Please copy the lines below, exactly as they are, from the one with "laptop cartoon with" through the one with "MIULEE Blue Velvet", and leave out the pictures.

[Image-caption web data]

────

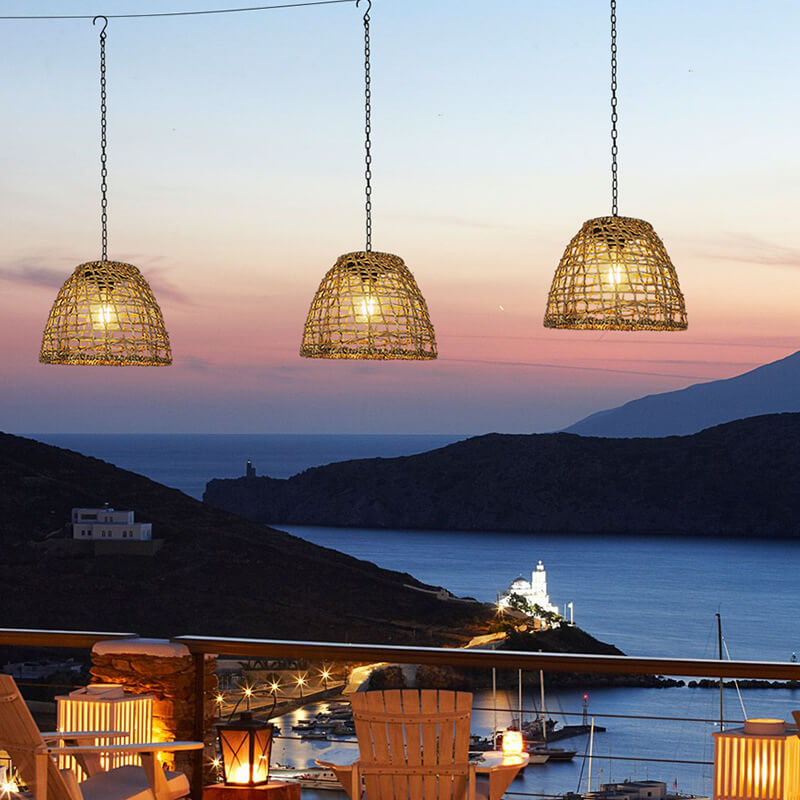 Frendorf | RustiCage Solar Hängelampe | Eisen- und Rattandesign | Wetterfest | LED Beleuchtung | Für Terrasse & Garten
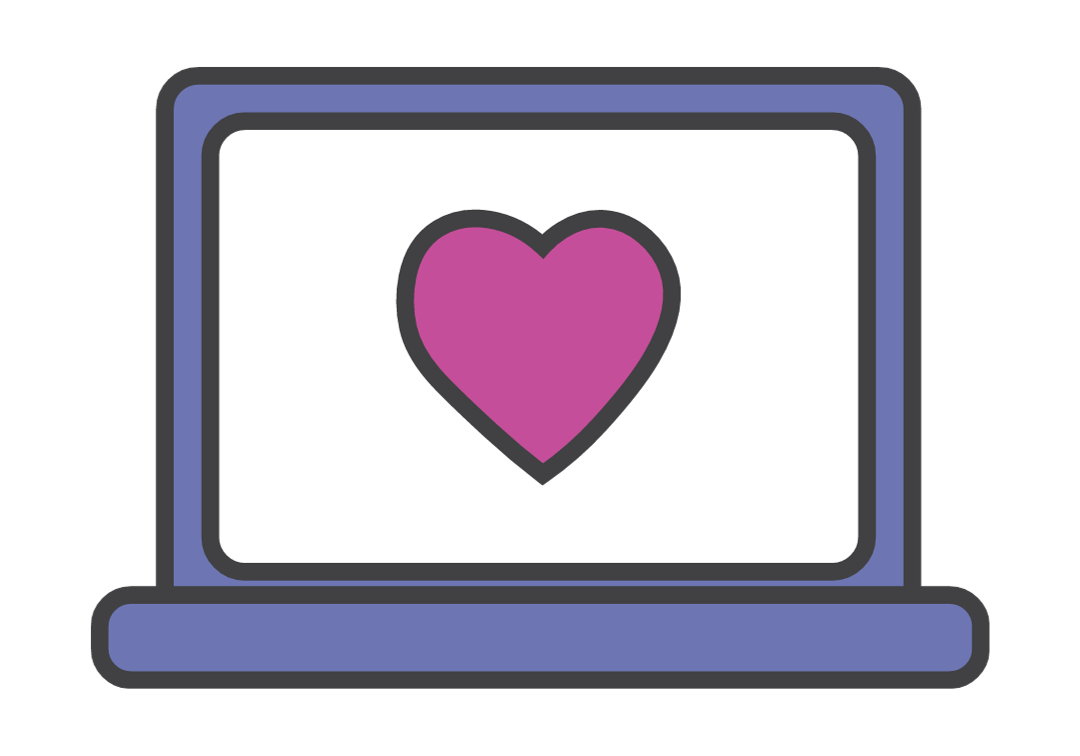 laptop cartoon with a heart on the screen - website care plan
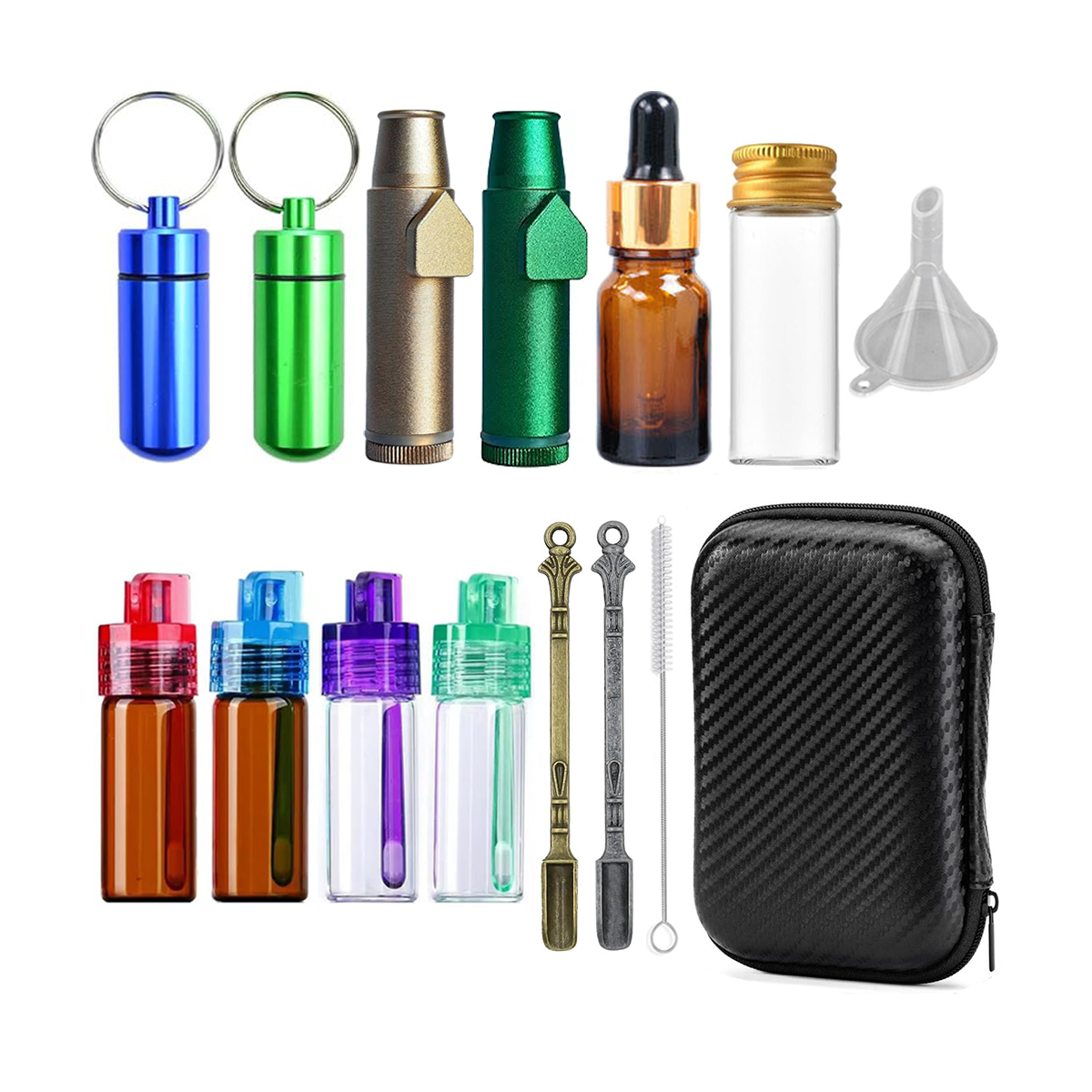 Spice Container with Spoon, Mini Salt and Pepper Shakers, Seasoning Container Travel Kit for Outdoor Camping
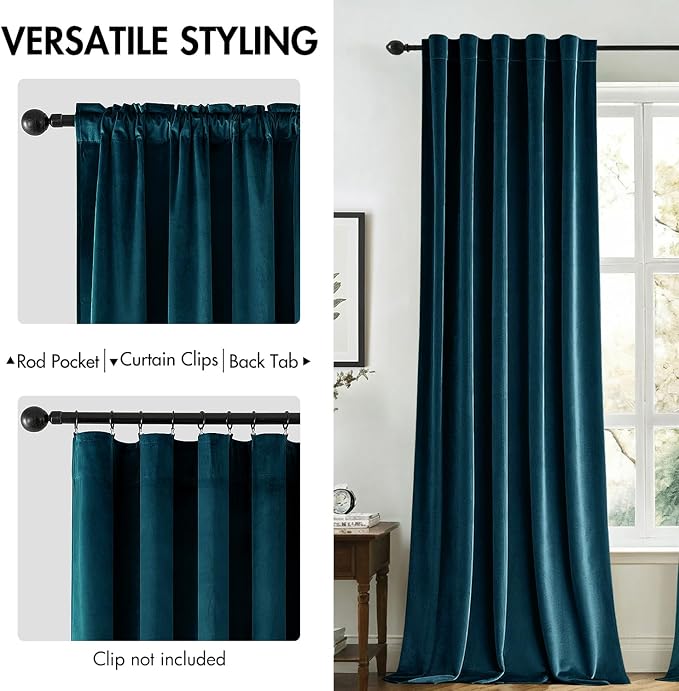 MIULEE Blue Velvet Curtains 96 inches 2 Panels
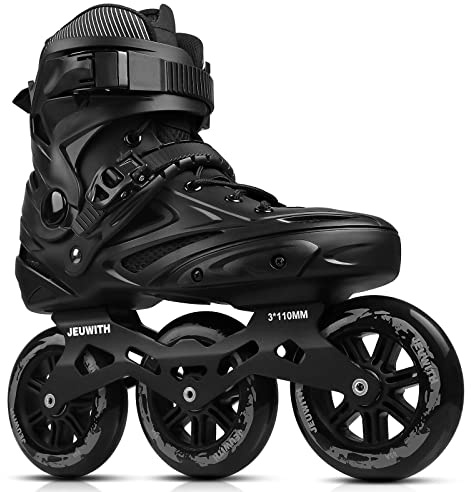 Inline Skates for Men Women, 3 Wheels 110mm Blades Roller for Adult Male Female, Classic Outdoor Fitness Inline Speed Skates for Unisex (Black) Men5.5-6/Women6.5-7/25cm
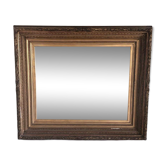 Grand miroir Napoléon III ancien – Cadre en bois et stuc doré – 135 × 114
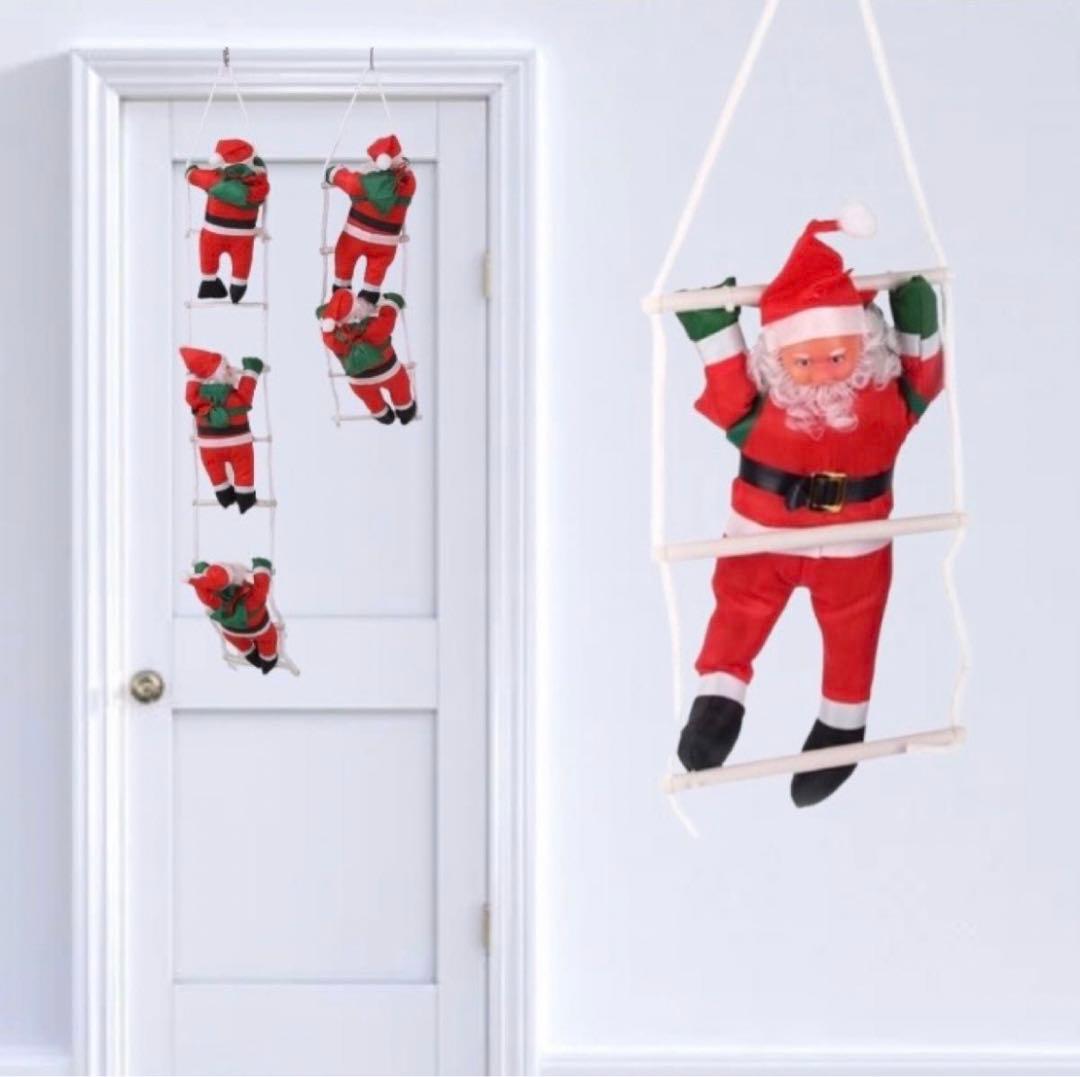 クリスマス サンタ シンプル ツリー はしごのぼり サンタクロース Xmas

────

- Answer to the problem -
 laptop cartoon with a heart on the screen - website care plan
 Spice Container with Spoon, Mini Salt and Pepper Shakers, Seasoning Container Travel Kit for Outdoor Camping
 MIULEE Blue Velvet Curtains 96 inches 2 Panels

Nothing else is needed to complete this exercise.